_Prompt_: From the records below, transcribe only the lines running from the one with "Happy Shavuot holiday" through the one with "by Tiziana FABI/AFP)&lt;/p&gt;". Keep both of those end lines.

_Information_:

········

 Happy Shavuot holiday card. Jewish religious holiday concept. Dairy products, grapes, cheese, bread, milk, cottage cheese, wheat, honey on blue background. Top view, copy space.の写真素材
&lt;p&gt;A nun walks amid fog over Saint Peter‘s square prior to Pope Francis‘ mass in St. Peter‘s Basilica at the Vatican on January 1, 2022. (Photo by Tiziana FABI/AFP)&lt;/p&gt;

········

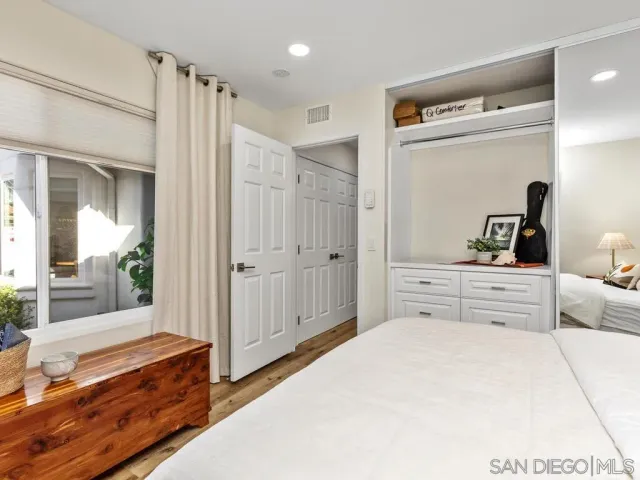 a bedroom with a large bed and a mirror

········

_Result of the task_:
 Happy Shavuot holiday card. Jewish religious holiday concept. Dairy products, grapes, cheese, bread, milk, cottage cheese, wheat, honey on blue background. Top view, copy space.の写真素材
&lt;p&gt;A nun walks amid fog over Saint Peter‘s square prior to Pope Francis‘ mass in St. Peter‘s Basilica at the Vatican on January 1, 2022. (Photo by Tiziana FABI/AFP)&lt;/p&gt;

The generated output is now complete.